===== GIVEN INFORMATION
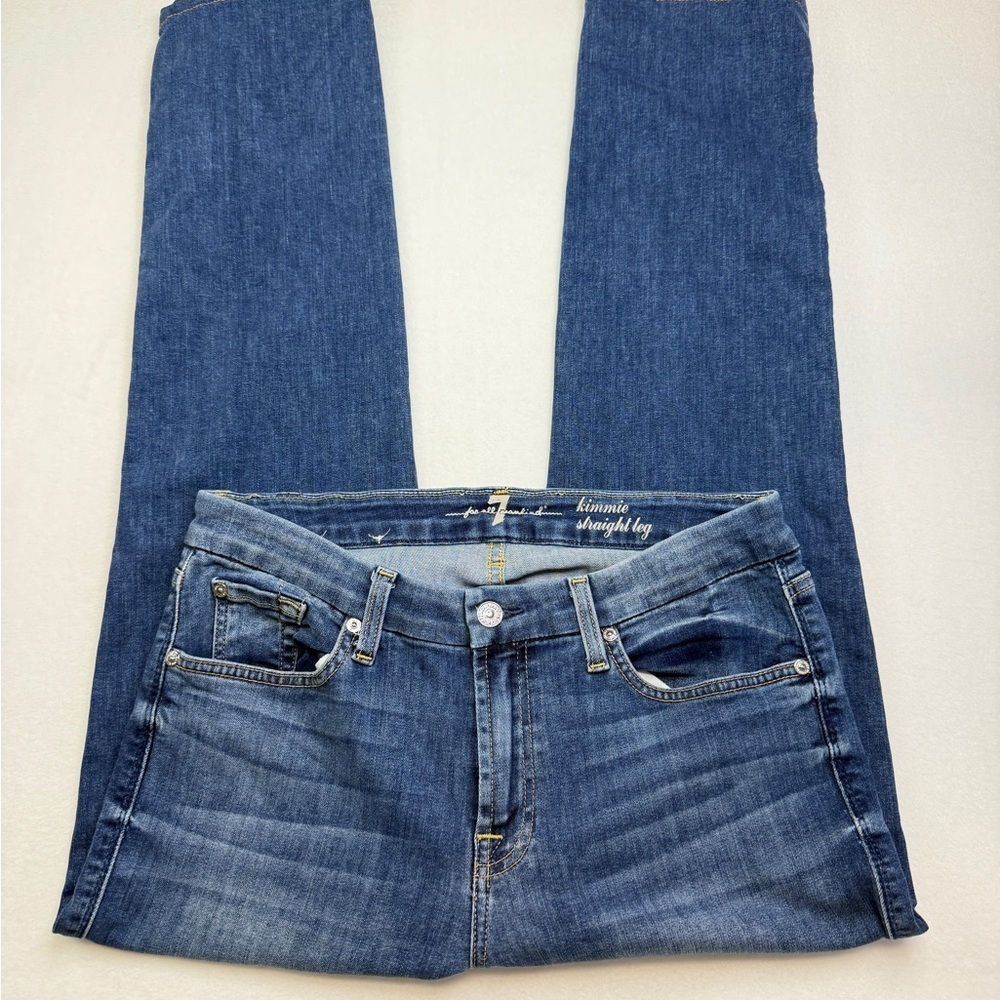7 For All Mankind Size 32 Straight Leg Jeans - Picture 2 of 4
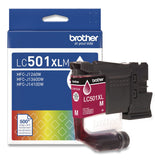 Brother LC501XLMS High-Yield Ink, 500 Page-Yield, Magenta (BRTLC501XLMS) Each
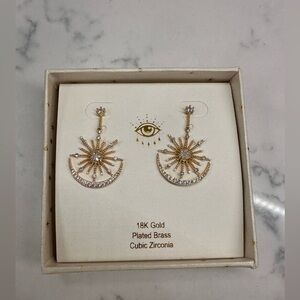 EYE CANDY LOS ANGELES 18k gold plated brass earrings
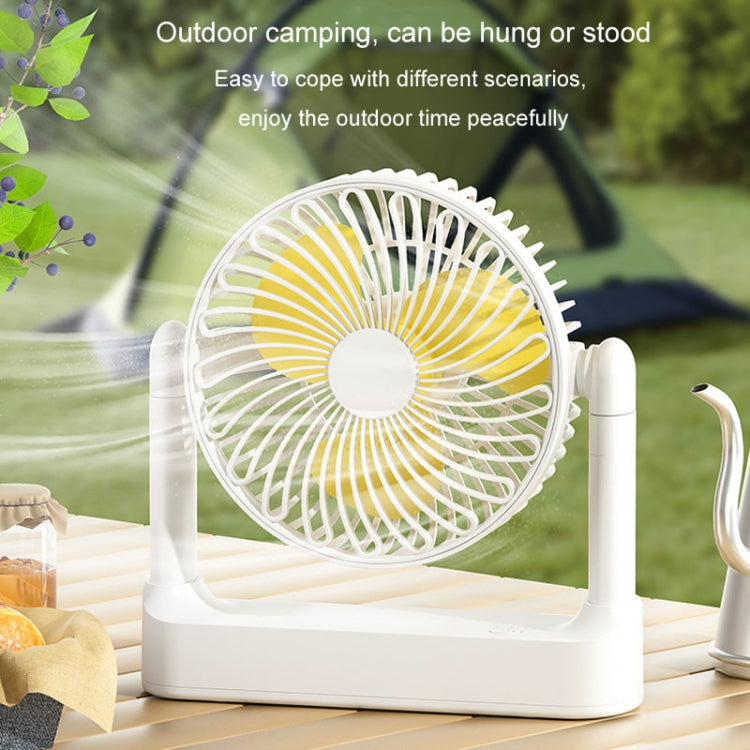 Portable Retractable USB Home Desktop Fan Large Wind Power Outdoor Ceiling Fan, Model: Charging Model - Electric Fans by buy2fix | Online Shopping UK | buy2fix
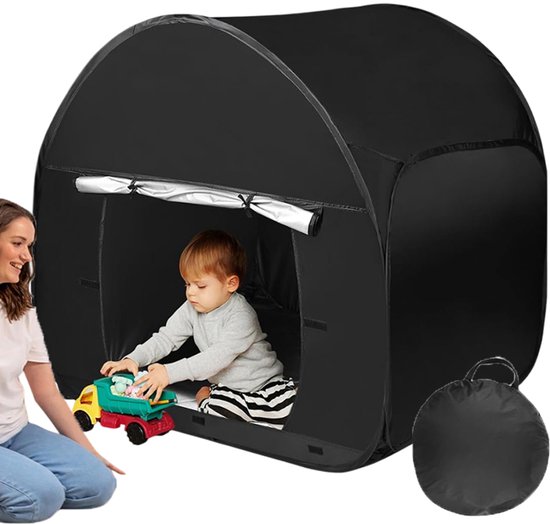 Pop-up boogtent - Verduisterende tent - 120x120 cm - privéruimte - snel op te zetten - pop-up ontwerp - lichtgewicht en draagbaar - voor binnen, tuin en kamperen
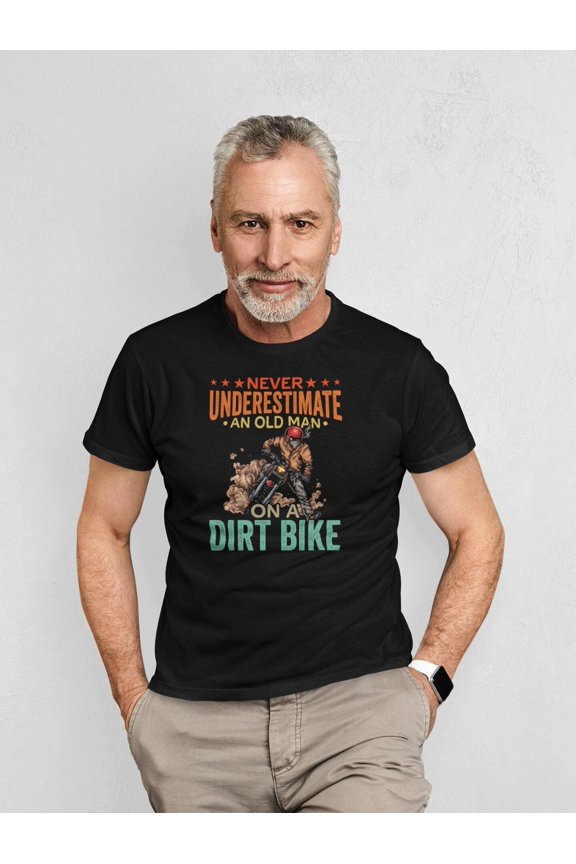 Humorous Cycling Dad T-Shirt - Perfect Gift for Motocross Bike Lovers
==========
Reproduce the data above word for word from its first line through the line that holds "Pop-up boogtent - Verduisterende", both ends included; skip pictures.

ANSWER BOX:
7 For All Mankind Size 32 Straight Leg Jeans - Picture 2 of 4
 Brother LC501XLMS High-Yield Ink, 500 Page-Yield, Magenta (BRTLC501XLMS) Each
 EYE CANDY LOS ANGELES 18k gold plated brass earrings
 Portable Retractable USB Home Desktop Fan Large Wind Power Outdoor Ceiling Fan, Model: Charging Model - Electric Fans by buy2fix | Online Shopping UK | buy2fix
 Pop-up boogtent - Verduisterende tent - 120x120 cm - privéruimte - snel op te zetten - pop-up ontwerp - lichtgewicht en draagbaar - voor binnen, tuin en kamperen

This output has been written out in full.